Notice that the connect call takes a URL, and a callback—this callback takes an error object and the database connection object as its parameters, as is the Node.js convention. If the first is anything but undefined or null, it’s an error, otherwise everything went swimmingly. The URL is a MongoDB-specific URL, using the “mongodb” scheme, but otherwise looking very much like a traditional HTTP URL.

However, there’s a subtlety to this code that may not be apparent at first: The callback is invoked at some point well after the rest of the startup code completes, which becomes more obvious when you look at the debug-printed output, as shown in Figure 2.

Debug Printed Output
Figure 2 Debug Printed Output

See how the “Example app listening” message appears before the “Connected correctly to server” message from the callback? Given that this is happening on application startup, this concurrency issue isn’t critical, but it’s not going away, and this is, without question, one of the trickiest parts of working with Node.js. It’s true that your Node.js code will never be executed simultaneously on two threads at the same time, but that doesn’t mean you won’t have some interesting concurrency problems going on here; they just look different than what you’re used to as a .NET developer.

Also, just as a quick reminder, when this code is first run against a brand-new MongoDB database, the collections loop will be empty—MongoDB won’t create the collections (or even the database!) until it absolutely has to, which usually occurs when somebody writes to it. Once an insert is done, then MongoDB will create the necessary artifacts and data structures to store the data.

Regardless, for the moment, we have a database connection. Time to update the CRUD methods to start using it.

Insert

The insertPerson will use the insert method on the MongoDB collection object and, again, you need a callback to invoke with the results of the database operation:

var insertPerson = function(req, res) {
  var person = req.body;
  debug("Received", person);
  // person.id = personData.length + 1;
  // personData.push(person);
  persons.insert(person, function(err, result) {
    if (err)
      res.status(500).jsonp(err);
    else
      res.status(200).jsonp(person);
  });
};

Notice the commented-out code (from the in-memory database version I’m migrating away from); I left it there specifically to prove a point. MongoDB will create an identifier field, “_id,” that’s the primary key for the document in the database, so my incredibly lame homegrown “id” generator code is not only no longer necessary, but entirely unwanted.

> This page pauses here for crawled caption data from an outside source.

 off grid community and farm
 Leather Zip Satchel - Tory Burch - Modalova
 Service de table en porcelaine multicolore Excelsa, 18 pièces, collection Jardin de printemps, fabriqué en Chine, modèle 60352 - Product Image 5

Also, notice that the last statement in the function is the insert method, with the associated callback. While it isn’t necessary that this be the last statement in the function block, it’s critical to understand that the insertPerson function will terminate before the database insert completes. The callback-based nature of Node.js is such that you don’t want to return anything to the caller until you know the success or failure of the database operation—hence the calls to “res” don’t happen anywhere outside the callback. (Skeptics should convince themselves of this by putting a debug call after the persons.insert call, and another one in the callback itself, and see the first one fire before the callback does.)

Retrieve All

Inserts require validation, so while I’m here, I’ll refactor getAll­Persons, which just needs a quick query to the collection to find all the documents in that collection:

var getAllPersons = function(req, res) {
  persons.find({}).toArray(function(err, results) {
    if (err) {
      debug("getAllPersons--ERROR:",err);
      res.status(500).jsonp(err);
    }
    else {
      debug("getAllPersons:", results);
      res.status(200).jsonp(results);
    }
  });
};

Before moving on, there’s a couple of quick things to note: First, the find call takes a predicate document describing the criteria by which you want to query the collection, which in this case, I leave as empty; if this were a query by first name, that predicate document would need to look something like:

"{ 'firstName':'Ted' }"

Second, notice that the returned object from find isn’t an actual result set yet, hence the need to call toArray to convert it into something of use. The toArray takes a callback and, again, each branch of the callback must make sure to communicate something back to the caller using res.status().jsonp.

Middleware

Before I can go on, recall from my previous columns that the getPerson, updatePerson and deletePerson functions all depend on the personId middleware function to look up a person by identifier. This means that that middleware needs to be updated to query the collection by its _id field (which is a MongoDB ObjectID, not a string!), instead of looking in the in-memory array, as shown in Figure 3.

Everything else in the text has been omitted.